100% Blue Weber Agave Tequila. Hand-harvested and estate bottled in the heart of agave country in Jalisco, Mexico and backed by 250 years of tradition for unparalleled smoothness, taste and quality.
After the young agave are planted, they soak up the sun and rich volcanic soil before reaching maturity.
The agave plants are ready to be harvested when the leaves begin to turn brown and the agave honey begins to flow from the center, or the piña.
After harvest, the offspring of the mother agave are planted as new crops, maintaining a botanical lineage that has lasted for eight generations.
Our tequilas begin in the agave fields. We care for each Weber Blue Agave plant as they mature. Once ripe, our Jimadors (Agave harvesters) cut away the leaves of the plant to reveal the pina, the heart of the plant.
The Agave Pinas are slow cooked to produce sugars that create rich, clean flavors and aroma of Lunazul Tequila.
Once cooked, the agave is shredded and rinsed, leaving only the pure agave sugar which is then prepped for fermenting.
The agave sugars are combined with our one-of-a-kind yeast, a family strain used for generations that comes directly from the agave plants and soil on our estate. The yeast consumes the sugars, converting the agave syrup into a young tequila.
Our facilities are designed to focus on simple techniques that produce high quality tequilas, crafted with consistency. Each batch is distilled twice in custom cognac stills, where our Master Distiller crafts each batch to create a smooth and pure flavor.
Our tequilas are then aged in Bourbon barrels to add a rich depth of flavor. Aging times vary by tequila - Blanco is unaged, Reposado is ‘rested’ for six months, and Añejo and Primero are aged for a full twelve to eighteen months.
The final step is to label our tequilas by hand. This last step adds a final handmade touch to our process; a care you can taste in every sip.
Lunazul’s history is rooted in the earliest years of tequila itself, and we’ve been setting standards ever since.
In 1700, the technique for distilling tequila, originally known as “mezcal wine” was brought to Mexico by the Spanish. Shortly after, Jose Antonio Cuervo founded the first tequila distillery in Mexico. Almost 40 years later, Jose Antonio’s son, Jose Guadalupe Cuervo, received the first rights, from King Charles IV, to commercially produce tequila.
In 1861, the civil war caused a shortage of whiskey and moonshine. Mexican vendors crossed the border to sell mezcal wine to soldiers, taking back whiskey barrels to store their product. By 1873, the mezcal wine made in Tequila, Jalisco would officially be known as “Tequila” differentiating it from other mezcal wines made in Southern Mexico.

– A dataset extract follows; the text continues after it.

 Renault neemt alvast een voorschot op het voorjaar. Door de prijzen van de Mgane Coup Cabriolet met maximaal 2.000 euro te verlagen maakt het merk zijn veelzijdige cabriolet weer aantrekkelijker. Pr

Due to prohibition, Americans began crossing the border in 1919 to buy lower-priced “Mexican Whiskey.” Once prohibition ended and sales decreased, Juan Beckmann Gallardo, descendant of Jose Antonio and sole administrator of Cuervo Distillery, began working to promote the spread of Tequila. Juan Beckmann passed away in 1972, leaving the company to his four children, Juan, Francisco, Federico, and Brunhi. In 1992, Francisco Beckmann sold his stake of the Cuervo Distillery, but kept his share of agave fields to establish a business for himself and his sons.
In 2004, Francisco began to pursue his vision for the finest tequila in the world. He established Tierra de Agaves Distillery, home of Lunazul Tequila.